“A voice-enabled machine which reads book and replies to the questions.
In this project I built a voice-enabled teachable machine which can scan text from a book pages or any text source and convert that to a context and users can ask questions related to that context and the machine can answer just using the context. I always wanted to make such kind of edge device which is easy to deploy and can be trained for a given context effortlessly without needing any internet connection.
Machine Learning Models used in the Application
Three machine learning models are used:
1. Tesseract OCR (LSTM based model)
Tesseract is an OCR engine with support for unicode and the ability to recognize more than 100 languages out of the box. It can be trained to recognize other languages.
2. DeepSpeech (TensorFlow Lite model)
DeepSpeech is an open source Speech-To-Text engine, using a model trained by machine learning techniques which Google’s TensorFlow to make the implementation easier.
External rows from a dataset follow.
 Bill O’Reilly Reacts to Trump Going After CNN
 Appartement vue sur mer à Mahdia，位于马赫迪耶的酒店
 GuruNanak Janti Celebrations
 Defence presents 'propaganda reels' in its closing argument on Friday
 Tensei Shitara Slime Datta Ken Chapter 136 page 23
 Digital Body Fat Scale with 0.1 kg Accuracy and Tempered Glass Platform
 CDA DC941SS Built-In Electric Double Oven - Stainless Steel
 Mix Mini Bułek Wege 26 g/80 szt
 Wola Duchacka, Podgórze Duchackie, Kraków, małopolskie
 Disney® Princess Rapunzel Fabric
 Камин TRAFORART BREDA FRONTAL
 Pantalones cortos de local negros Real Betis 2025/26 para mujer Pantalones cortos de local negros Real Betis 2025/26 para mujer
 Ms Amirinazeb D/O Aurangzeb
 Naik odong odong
BERT is a language representation model which stands for Bidirectional Encoder Representations from Transformers. The pre-trained BERT model can be fine-tuned with just one additional output layer to create state-of-the-art models for a wide range of tasks, such as question answering and language inference, without substantial task-specific architecture modifications.
The first 2 models run at Raspberry Pi 4 and the last one runs at the Intel Neural Compute Stick 2 using the OpenVINO Toolkit.”